Data block:
◇ ◇ ◇ ◇ ◇ ◇ ◇

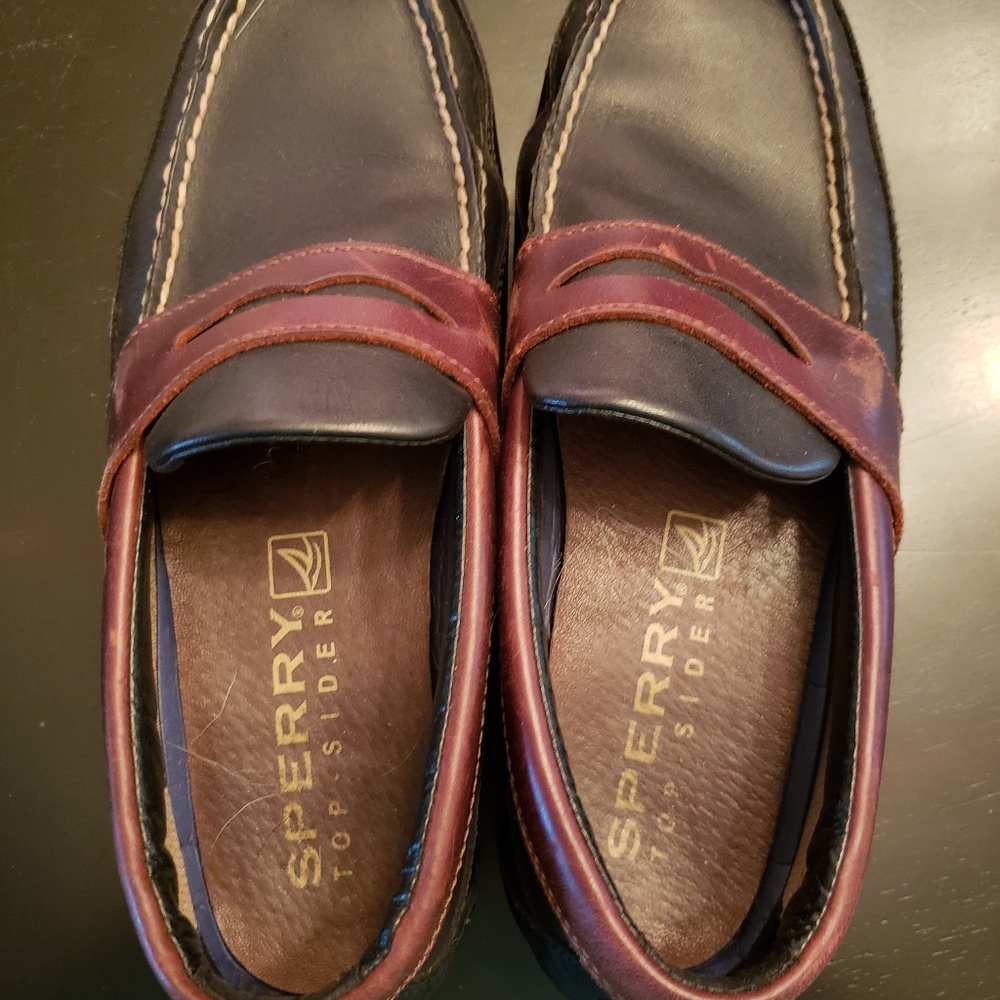 Sperry top sider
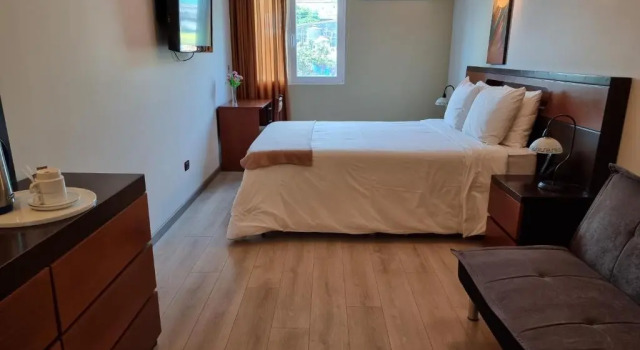 Люкс Hotel Las Palmas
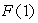 Suppose   is given by the following graph. If   , what is   ?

◇ ◇ ◇ ◇ ◇ ◇ ◇

Work instructions: Reproduce the listing exactly, but omit every picture in it.

Your response:
 Sperry top sider
 Люкс Hotel Las Palmas
 Suppose   is given by the following graph. If   , what is   ?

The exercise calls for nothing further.